§ **AVAILABLE DATA**:
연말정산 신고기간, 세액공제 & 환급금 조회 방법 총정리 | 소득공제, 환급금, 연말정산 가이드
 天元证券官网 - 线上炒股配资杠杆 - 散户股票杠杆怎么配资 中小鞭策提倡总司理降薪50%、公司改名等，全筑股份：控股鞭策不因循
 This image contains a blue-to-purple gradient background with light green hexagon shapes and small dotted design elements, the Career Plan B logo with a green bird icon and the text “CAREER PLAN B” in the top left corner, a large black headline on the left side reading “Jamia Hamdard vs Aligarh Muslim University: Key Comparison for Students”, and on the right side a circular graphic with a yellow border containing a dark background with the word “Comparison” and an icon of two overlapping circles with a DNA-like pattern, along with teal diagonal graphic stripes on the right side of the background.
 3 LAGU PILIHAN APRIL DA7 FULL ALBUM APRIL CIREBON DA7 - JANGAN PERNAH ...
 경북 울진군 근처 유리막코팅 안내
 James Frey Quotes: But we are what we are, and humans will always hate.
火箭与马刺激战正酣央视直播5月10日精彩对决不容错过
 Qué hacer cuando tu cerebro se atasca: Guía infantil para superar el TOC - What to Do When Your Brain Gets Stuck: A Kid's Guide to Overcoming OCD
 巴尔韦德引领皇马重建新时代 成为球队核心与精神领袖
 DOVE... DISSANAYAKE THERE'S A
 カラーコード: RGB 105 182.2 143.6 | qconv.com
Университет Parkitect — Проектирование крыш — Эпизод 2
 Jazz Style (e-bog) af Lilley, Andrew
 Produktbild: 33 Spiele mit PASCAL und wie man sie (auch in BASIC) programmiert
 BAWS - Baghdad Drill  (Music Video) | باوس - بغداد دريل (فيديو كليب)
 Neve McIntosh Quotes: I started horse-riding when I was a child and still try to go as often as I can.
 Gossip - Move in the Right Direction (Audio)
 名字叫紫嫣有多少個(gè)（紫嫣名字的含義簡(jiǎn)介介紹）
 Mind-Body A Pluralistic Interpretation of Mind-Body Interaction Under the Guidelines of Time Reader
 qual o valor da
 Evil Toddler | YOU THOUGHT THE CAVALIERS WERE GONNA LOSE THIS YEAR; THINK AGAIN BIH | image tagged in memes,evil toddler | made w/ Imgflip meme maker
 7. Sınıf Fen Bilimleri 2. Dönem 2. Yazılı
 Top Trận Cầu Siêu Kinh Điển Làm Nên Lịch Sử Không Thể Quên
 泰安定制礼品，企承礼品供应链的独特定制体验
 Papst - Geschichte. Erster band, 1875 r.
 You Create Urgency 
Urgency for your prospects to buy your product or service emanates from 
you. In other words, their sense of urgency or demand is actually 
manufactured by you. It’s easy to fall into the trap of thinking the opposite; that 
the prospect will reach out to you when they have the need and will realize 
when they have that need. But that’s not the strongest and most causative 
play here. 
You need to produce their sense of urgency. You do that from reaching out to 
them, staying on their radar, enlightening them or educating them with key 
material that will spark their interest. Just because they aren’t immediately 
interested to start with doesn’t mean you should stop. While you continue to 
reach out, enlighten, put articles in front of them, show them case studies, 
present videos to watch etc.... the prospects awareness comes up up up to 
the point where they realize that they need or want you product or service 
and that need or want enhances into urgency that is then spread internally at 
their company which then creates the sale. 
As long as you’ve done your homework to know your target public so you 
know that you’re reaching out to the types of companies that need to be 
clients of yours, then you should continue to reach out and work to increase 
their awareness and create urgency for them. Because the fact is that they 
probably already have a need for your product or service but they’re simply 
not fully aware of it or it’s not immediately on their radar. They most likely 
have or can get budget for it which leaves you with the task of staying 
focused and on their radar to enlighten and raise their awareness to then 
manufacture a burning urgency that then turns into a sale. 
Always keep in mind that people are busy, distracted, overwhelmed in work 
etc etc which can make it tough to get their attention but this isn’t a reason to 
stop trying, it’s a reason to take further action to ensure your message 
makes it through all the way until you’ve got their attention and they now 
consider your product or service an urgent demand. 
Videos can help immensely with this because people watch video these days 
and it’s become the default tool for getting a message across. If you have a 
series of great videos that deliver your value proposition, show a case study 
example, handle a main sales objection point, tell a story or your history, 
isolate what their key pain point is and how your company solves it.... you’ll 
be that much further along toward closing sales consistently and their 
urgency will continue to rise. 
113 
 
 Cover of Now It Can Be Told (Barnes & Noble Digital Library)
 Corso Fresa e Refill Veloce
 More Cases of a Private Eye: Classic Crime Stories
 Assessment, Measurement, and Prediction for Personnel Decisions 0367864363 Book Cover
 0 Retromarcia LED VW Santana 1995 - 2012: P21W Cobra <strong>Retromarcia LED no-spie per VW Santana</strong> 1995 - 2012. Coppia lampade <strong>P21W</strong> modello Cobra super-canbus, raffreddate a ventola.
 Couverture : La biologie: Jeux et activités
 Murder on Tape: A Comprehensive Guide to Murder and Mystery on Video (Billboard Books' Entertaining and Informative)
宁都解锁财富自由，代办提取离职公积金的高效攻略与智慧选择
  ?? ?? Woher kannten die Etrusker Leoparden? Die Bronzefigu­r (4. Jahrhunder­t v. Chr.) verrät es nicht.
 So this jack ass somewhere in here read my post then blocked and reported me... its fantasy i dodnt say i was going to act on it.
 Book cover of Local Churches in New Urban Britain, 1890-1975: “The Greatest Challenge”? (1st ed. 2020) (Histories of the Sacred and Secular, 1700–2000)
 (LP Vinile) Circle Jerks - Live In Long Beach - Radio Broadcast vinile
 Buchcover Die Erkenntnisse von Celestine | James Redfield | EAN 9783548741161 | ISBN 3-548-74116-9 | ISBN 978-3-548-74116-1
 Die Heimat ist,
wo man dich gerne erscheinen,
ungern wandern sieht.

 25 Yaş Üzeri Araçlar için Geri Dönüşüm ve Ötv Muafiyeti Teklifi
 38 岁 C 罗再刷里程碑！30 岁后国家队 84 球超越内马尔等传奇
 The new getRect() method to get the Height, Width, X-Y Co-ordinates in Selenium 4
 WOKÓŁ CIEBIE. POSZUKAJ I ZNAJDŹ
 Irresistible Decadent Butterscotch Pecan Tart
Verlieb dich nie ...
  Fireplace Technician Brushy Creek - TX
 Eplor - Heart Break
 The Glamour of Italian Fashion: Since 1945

§ **WHAT IS REQUIRED**: Wherever a line holds the word "product", copy that line out of the entries above.

§ **SOLUTION TO THIS TASK**:
Urgency for your prospects to buy your product or service emanates from 
the point where they realize that they need or want you product or service 
probably already have a need for your product or service but they’re simply 
consider your product or service an urgent demand. 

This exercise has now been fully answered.